À la radio et à la télévision, chez plusieurs chroniqueurs et animateurs qui parlent en ondes quotidiennement, trop souvent le français s’étiole, l’étendue du vocabulaire rétrécit, les contractions systématiques se multiplient, les standards de base disparaissent, les emprunts à l’anglais s’additionnent, la grammaire fiche le camp. Comme francophone d’origine, immigré au Québec en 1968, j’en viens moi-même à éprouver des difficultés, à buter sur des mots, à trébucher sur des accords, preuves s’il en est que la bonne pratique d’une langue peut se perdre à force d’être combattue.

Ce qui est désolant c’est que rien n’est fait pour corriger le tir, se remettre en question autant à titre individuel ou à l’initiative d’institutions comme Radio-Canada, TVA, Télé-Québec et les stations privées de radio.
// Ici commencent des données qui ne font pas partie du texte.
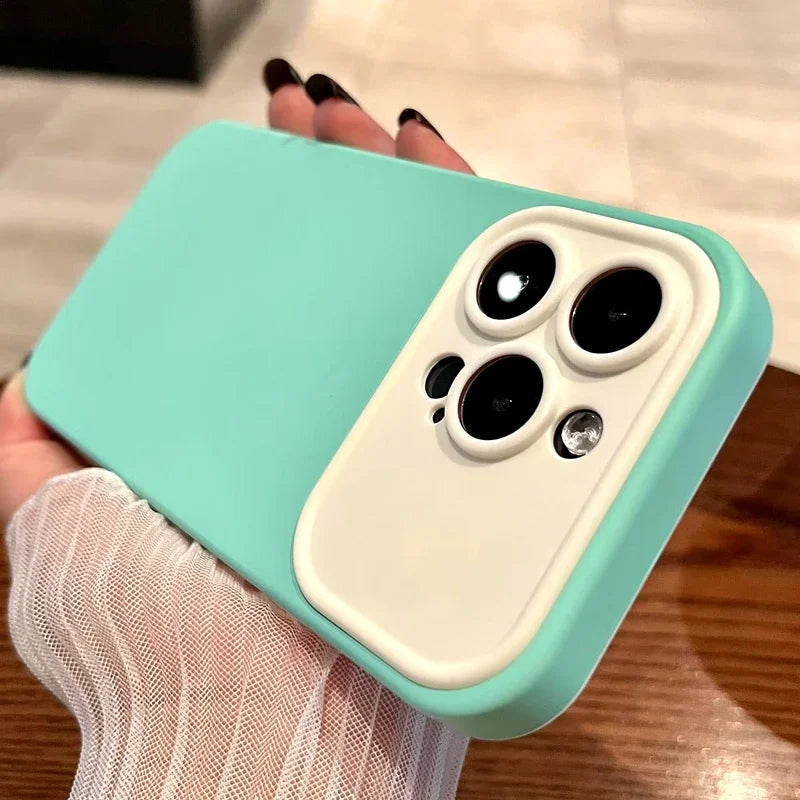 Amiriva Soft Candy Silicone iPhone Case – Shockproof minimal design in candy-like silicone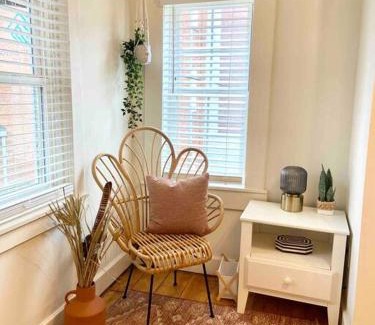 Historic Downtown Lancaster Casa | Beautiful Boho Villa on Vine in the heart of Lancaster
Depuis des décennies, les capsules du conseiller linguistique de Radio-Canada, longtemps affublé ironiquement du titre d’ayatollah de la langue, et contrairement à l’étendue de ses pouvoirs, ne ciblent pas les bonnes choses. Elles font plutôt penser à une opération cosmétique consistant à repeindre le mât d’un navire au moment où il coule.

Chaque pays francophone a ses propres défis pour préserver son héritage de la langue française et pour assurer son développement harmonieux. Le Québec y contribue aussi, à sa manière, notamment en inventant de nouveaux termes technologiques français. Par ailleurs, les accents et les expressions locales présents dans toute la francophonie, comme au Québec, en Gaspésie ou au Lac-Saint-Jean, tout cela est merveilleux et tellement riche et normal sans compromettre les bases communes de notre langue. C’est le cas en France, en Belgique en Suisse romande et dans de nombreux pays africains dont le français a souvent de quoi nous faire rougir.

Le meilleur et le pire

Le Québec fait partie de cet héritage avec toutefois la nuance importante que l’on y retrouve, à mon sens, une gamme trop étendue et croissante de la qualité entre le meilleur et le pire, particulièrement sur les ondes, le pire étant l’institutionnalisation passive et permanente des radios poubelles de Québec. Le malheur c’est que le Conseil de presse du Québec n’a aucun pouvoir pour y voir !

Quand on est assiégé comme peut l’être le Québec face à l’anglais en Amérique du Nord, il importe, plus que jamais, de se protéger activement. Malgré leur courage et leurs luttes constantes, les francophones canadiens hors Québec et ceux de Louisiane illustrent de façon pathétique le phénomène insidieux de l’assimilation.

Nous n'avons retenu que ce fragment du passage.